■ Data shown
○ ○ ○

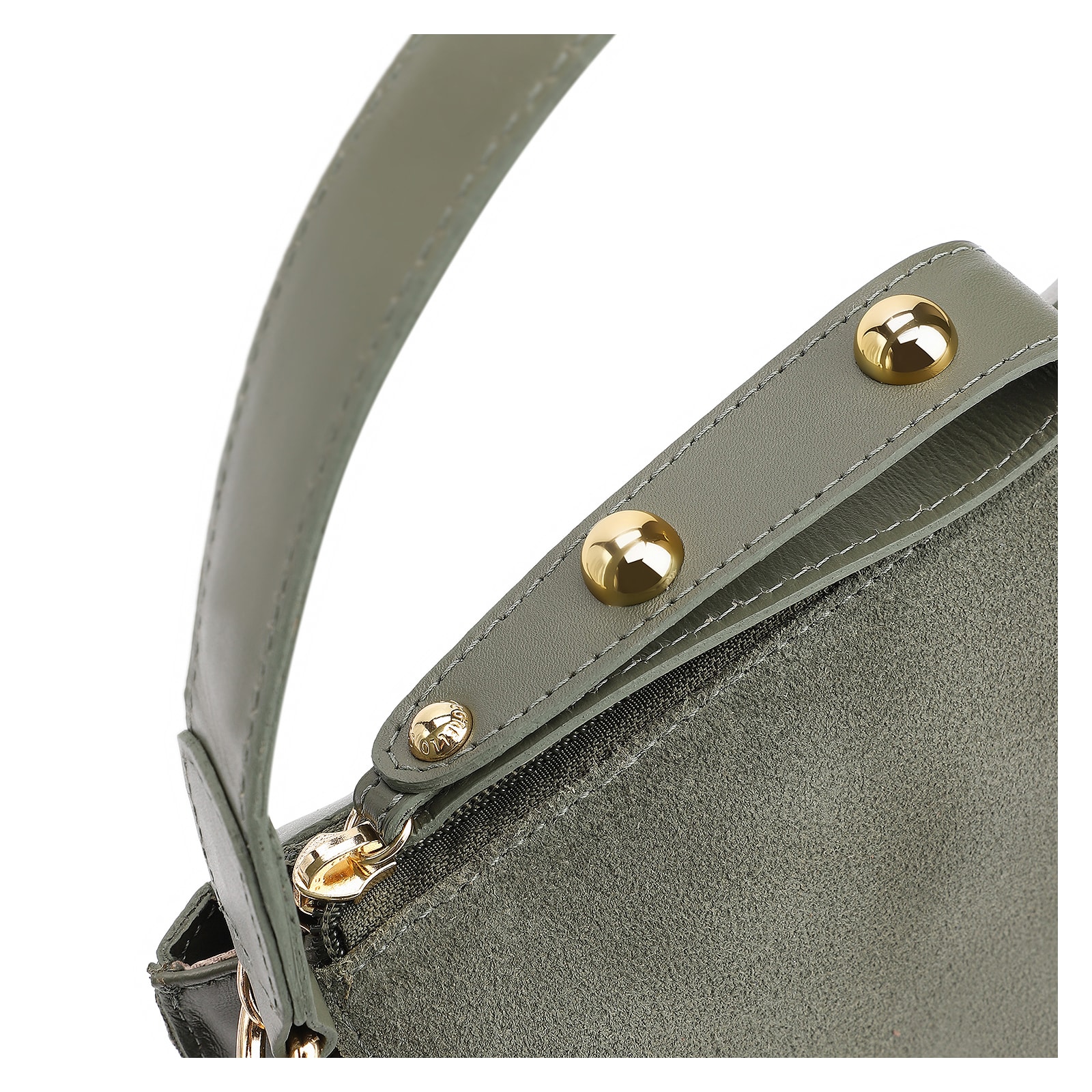 Bolsa De Mão Esferas Couro Verde/Camurça Verde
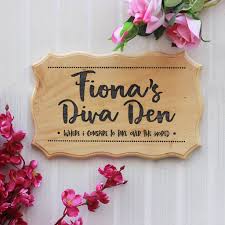 Shop custom door signs for rooms. Diva Den Room Name Sign For Girls Personalized Wood Bedroom Door Signs Woodgeekstore
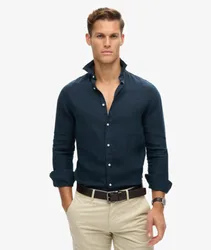 Superdry Herren Lässiges Leinen-langarmhemd Marineblau - Größe: S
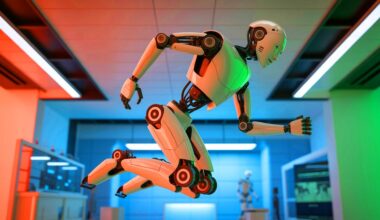 Illustration of a robot designed to jump higher using generative AI technology. Image generated by AI.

○ ○ ○

■ Try it
When you output the listing, reproduce it exactly but drop its pictures.

■ Answer for this exercise
 Bolsa De Mão Esferas Couro Verde/Camurça Verde
 Shop custom door signs for rooms. Diva Den Room Name Sign For Girls Personalized Wood Bedroom Door Signs Woodgeekstore
 Superdry Herren Lässiges Leinen-langarmhemd Marineblau - Größe: S
 Illustration of a robot designed to jump higher using generative AI technology. Image generated by AI.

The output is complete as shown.